Take a look at your writing.  Compare it to those in your lineage...if you are able.  What do you see?

If we lose the art and joy of handwriting (even printing), we stand to lose a great deal.  People who cannot write by hand will eventually not be able to read handwriting, suggests Kitty Burns Florey, author of Script and Scribble. This means they will not be able to read their parents' or grand-parents' or great-grandparents' letters or journals.  They will not be able to read historic documents such as the US Declaration of Independence or illuminated texts of the Bible.  

What may be worse is that they will lose an appreciation of the art and romance of the hand-written word; they will lose yet another wee piece of their souls.

All is not lost, however.  Hand-writing -- via calligraphy -- is making in-roads as an art form.  Last spring at the Lacombe Art Show and Sale, my daughter and I visited an exhibit by the Red Deer Lettering Arts Guild.

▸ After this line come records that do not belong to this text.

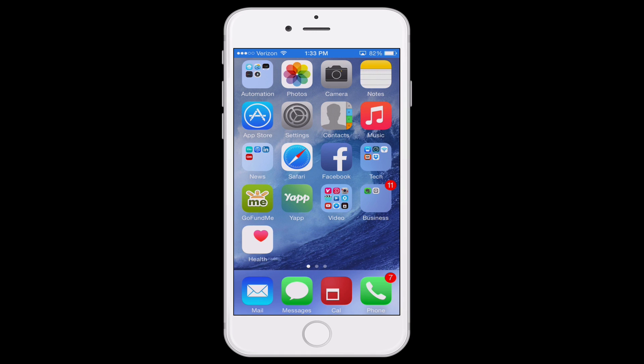Hello everyone and welcome to the class. This is David A. Cox with PCClassesOnline.com and today I'm going to be teaching you how to set up the Medical ID features in your iPhone running iOS 8. This is one of those things that everyone out there really needs to take two minutes of their time to set up, because this is the kind of feature that could save your life one day.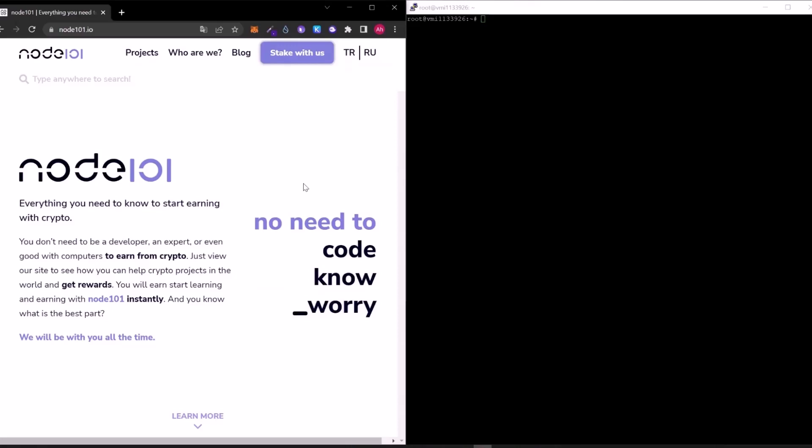Hello everyone, it's Ahmet from Node101. Today I will show you how to set up a node on Lava network.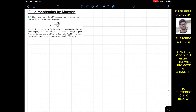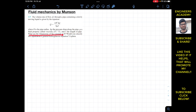Now we are going to solve exercise 1.9, also from chapter 1. The exercise says the volume rate of flow q through a pipe containing a slowly moving liquid is given by this equation, where r is the pipe radius, delta p is the pressure drop along the pipe, mu is the fluid viscosity with its dimensions given, and l is the length of the pipe. What are the dimensions of the constant pi divided by 8, and is this equation a general homogeneous equation?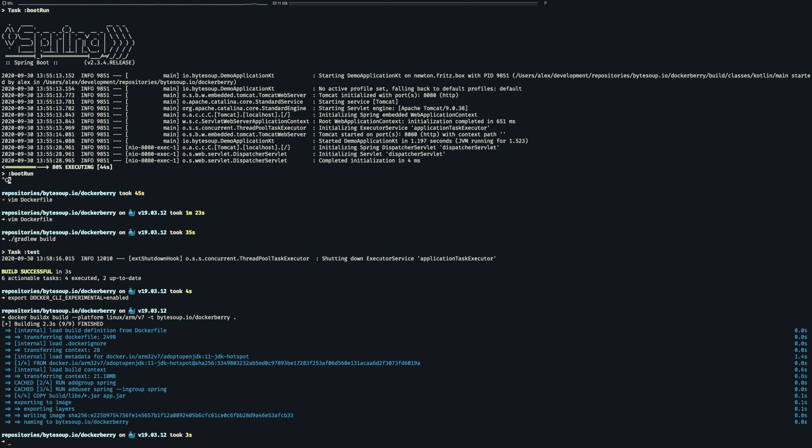So fast forward the image has been created and you will find it in your local registry. So it's time to get this shipped to the Raspberry.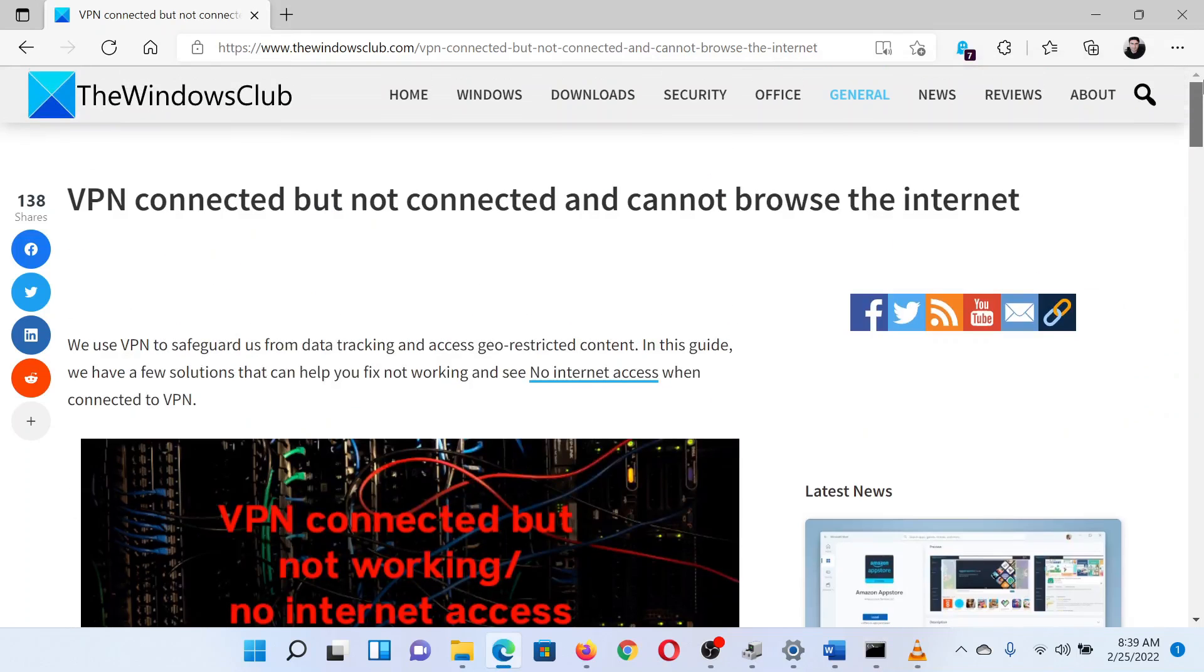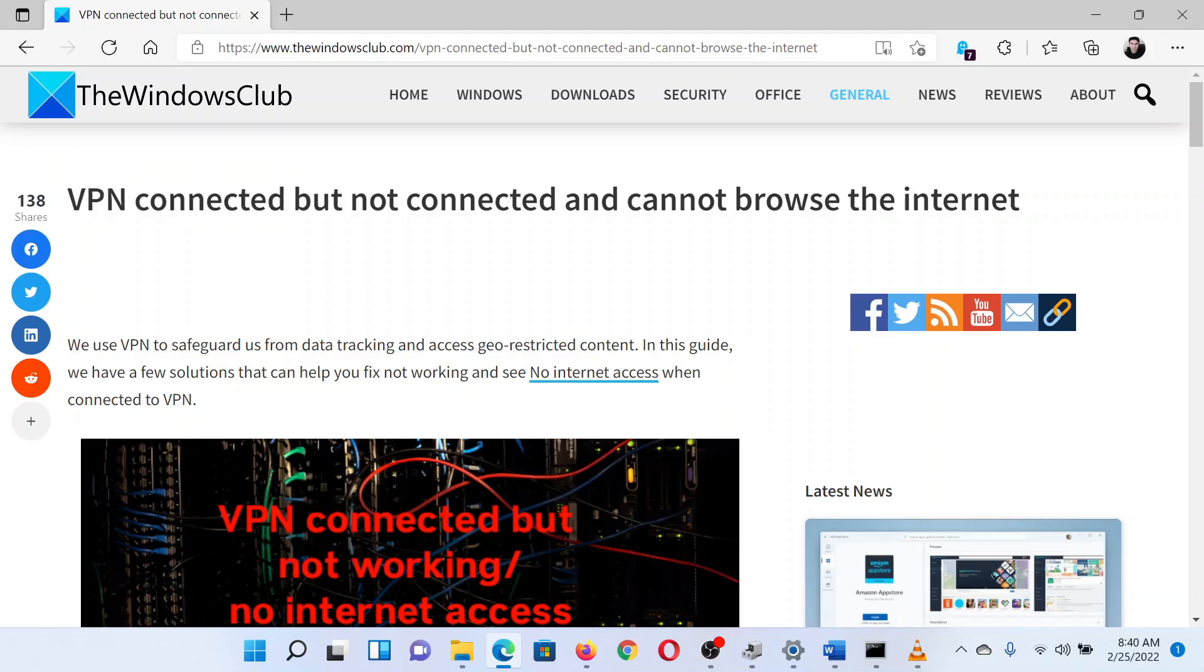Wasn't this easy and interesting? If you have any doubts, please go to the original article on The Windows Club and write your question. We will surely answer it. Thank you for watching this video. Have a nice day.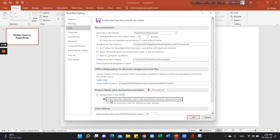Click Embed only the characters used in the presentation for reducing the file size. That's it.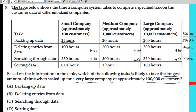For sorting data: 100 customers takes 0.01 hours, 1,000 customers takes 1 hour, and 10,000 customers takes 100 hours. As you can see, it multiplies by 100 each time. So for 100,000 customers, multiplying by 100 again gives us 10,000 hours.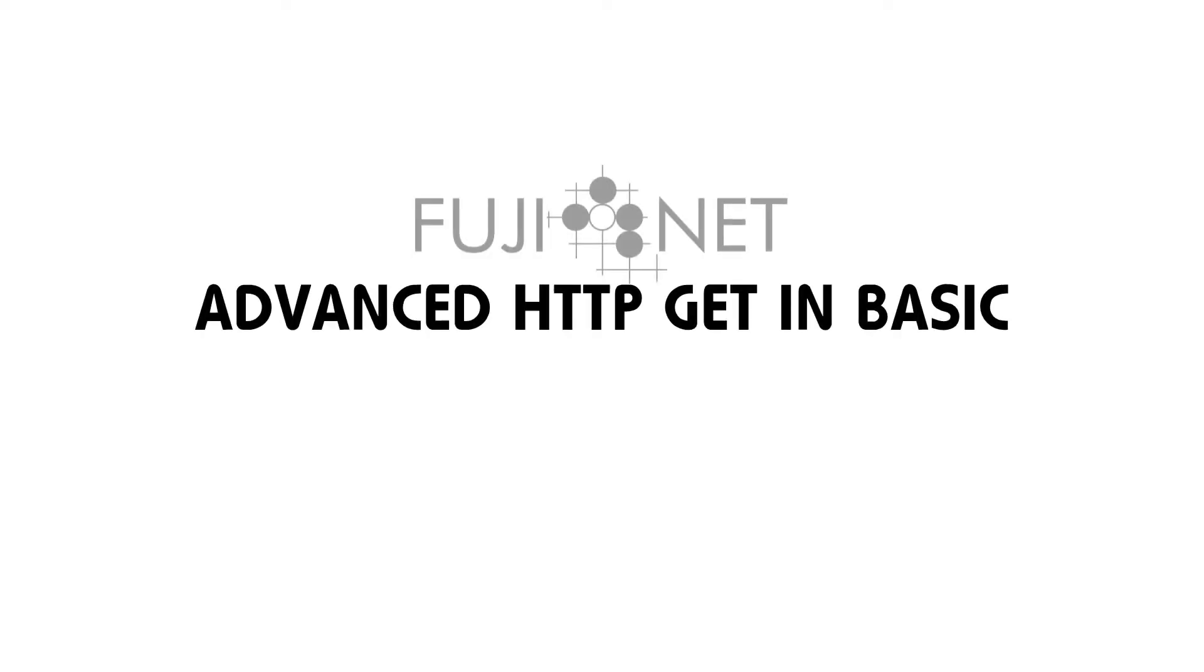Hey guys, it's Tom Cherims with the Fujinet Project, and I wanted to do a quick video after a long day of hacking to show what I've been working on with the HTTP adapter.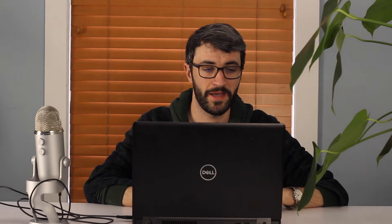Alright Nate, take it away. So here in GlobalMapper I have a shapefile of the District of Columbia loaded as my study area and what I'm going to do is just go ahead and select it with the digitizer and click here on the connect to online data tool.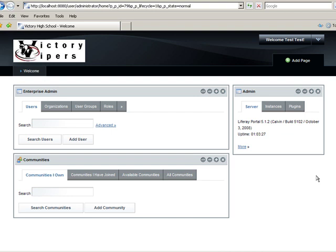In this livecast, you learned how to create a hidden Admin page and how to change the logo of the portal. Thanks for listening. Please visit our forums or wiki for more information. You can find these at www.liferay.com in the Communities section.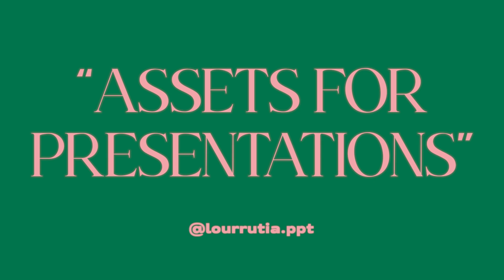In this video I'll show you where to get templates, icons, fonts, images and color palettes for your presentations.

Although their 'take-away' project was the trendy doodling exploited by a variety of scribblers and turned into 'Zen Tangling', what attracted me were the books, the journals, the beautiful scripts...

And then in the blogs I follow, today this post by Deb, who's just participated in a calligraphy workshop and is fired up to create more wonderful hand-written words.

Maybe we could persuade Blogger and WordPress to offer scripts as fonts for our blogs?  I would love to be able to "write" to you in Lucida Handwriting or Lucida Calligraphy, for example...what do you think?